I was simply having "one of those days" today. You know what I mean...you've experienced them, too. Everything went wrong. Everyone got on my last nerve. I questioned God's judgment in creating humanity. Yes, one of those days.
It started with my husband backing out of accompanying me to the gym. Now, I know this may sound silly, but I'm constantly harping on him to exercise for health reasons rather than listen to him whine about his middle-age body. Plus, I wanted the companionship. But, he blew me off and I felt insignificant...that he didn't want to spend time with me. Have I become an "old shoe" after 8 years of marriage?
I headed to the post office, where I was the only customer...let me say this again, the only customer. Yet, I had to wait because the postal employee decided it was more important to bring out passport applications than wait on me...like, I'm assuming, he's expecting a rush on overseas travel in the midst of the shrinking dollar and the astronomical cost of fuel. Another employee finally waited on me, while Mr. Passport practically jumped over the counter to help his friend who had just walked in the door. Call me chopped liver.
After my postal experience, I went for a swim in which I struggled to breath the entire time and my legs cramped in the pool. It was a less than enjoyable workout. After that, I went to our new vet's office to pick up Riley's records and rabies tags they forgot to give us. I'll save you the boring specifics and just say that every interaction we have had with this vet has been a nightmare..they don't even use a computer. I waited 20 minutes for our file...until it was dicovered that the teenage tatooed receptionist with 9 inch fingernails didn't bother to write our name on our file, so she couldn't find it. I took my dog's records and told them we wouldn't be back. Ever.
My nerves were on edge by the time I got home and tried in vain to reach someone at the business office at the hospital to pay out-of-pocket expenses for my surgery. I had previously left 3 messages and this time, I kept being cut off by their computerized answering service. I finally gave up, realizing that if they wanted to be paid badly enough, they'd contact me.
Next, I had my over-the-phone surgery assessment, in which I disclosed that I suspected I have sleep apnea (since I quit breathing during the night and wake up gasping for breath). My admission about this stalled my pre-op tests until Monday, the day before surgery -- which messed up my plans for today.

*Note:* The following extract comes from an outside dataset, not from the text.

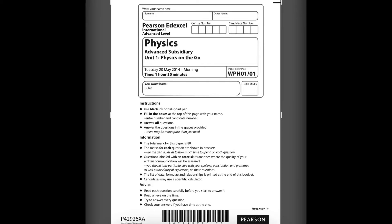Hi, this is Physics Unit 1, May 2014. Let's start. Number 1.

Then, I was off to my two surgeons' offices for pre-surgery consultations -- this is where you sign your life away after they tell you that having surgery puts you at risk for paralysis and brain damage and death. After the day I was having, that didn't sound so bad.
During my doctor visits, I found out that I'm also getting my apendix removed (surprise!) and I will, in fact, have drains again in my breasts. Oh, happy day.
I love my doctors and their assistants, and trust my life (and brain and non-paralyzed body parts) to them. However, no matter what questions I pose, I can never quite pin them down in giving me the full scoop as to what to fully expect. Surgery, frankly, is a matter of trust. I don't even know my boob size. "You'll love it," said my reconstruction surgeon. What does that mean? Will I look like Marilyn Monroe or Twiggy?! I have no idea.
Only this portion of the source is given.